Once the line with "Tollywood Actress Deepthi" is found, repeat it and all later lines exactly through the end of the listing below, with the pictures left out.
====== Information provided ======
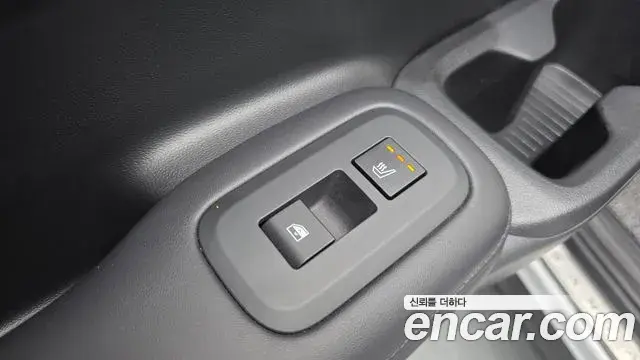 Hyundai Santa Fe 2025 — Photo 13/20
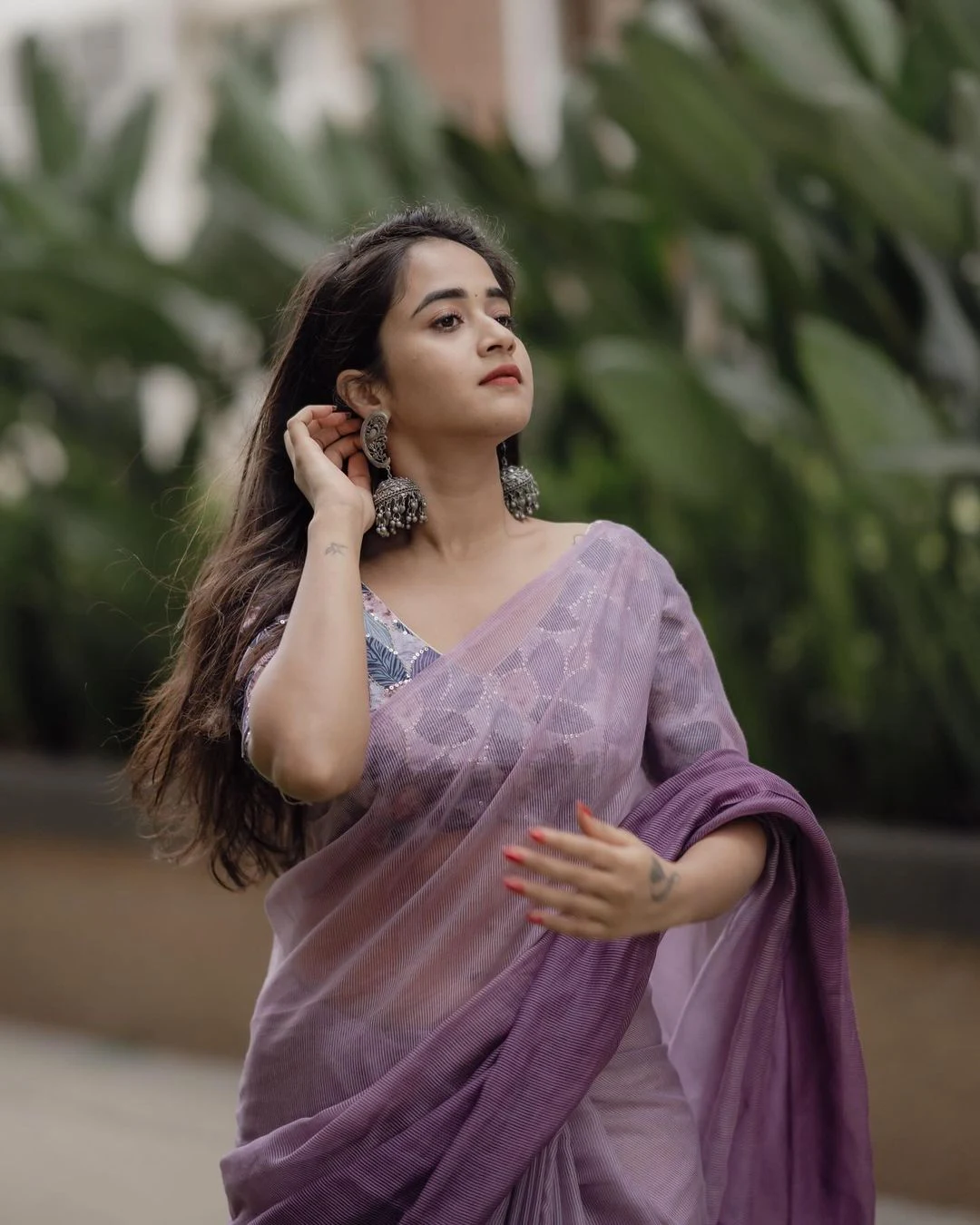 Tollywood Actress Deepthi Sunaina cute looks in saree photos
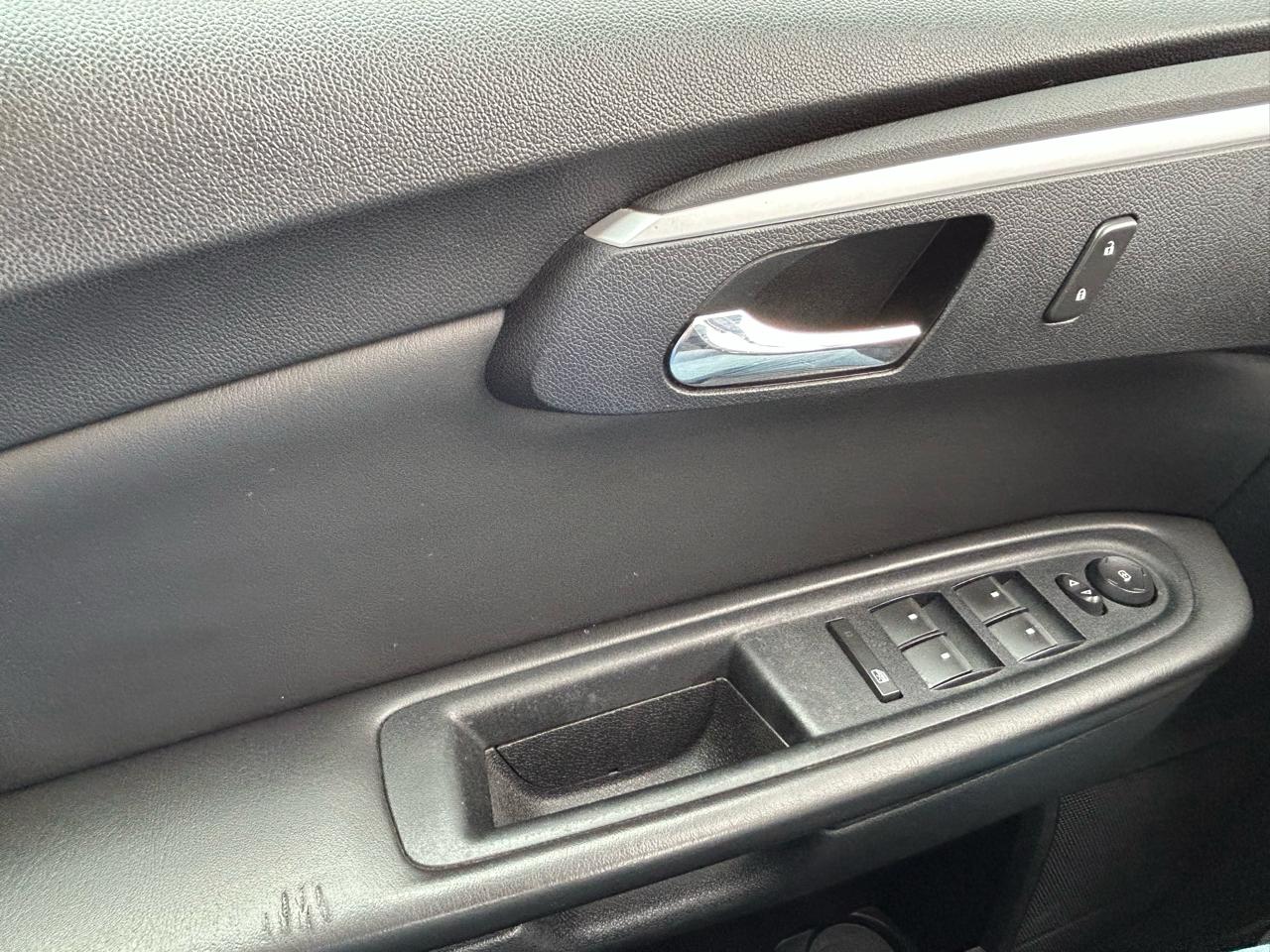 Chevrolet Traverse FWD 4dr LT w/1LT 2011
======
> _Answer below_:
 Tollywood Actress Deepthi Sunaina cute looks in saree photos
 Chevrolet Traverse FWD 4dr LT w/1LT 2011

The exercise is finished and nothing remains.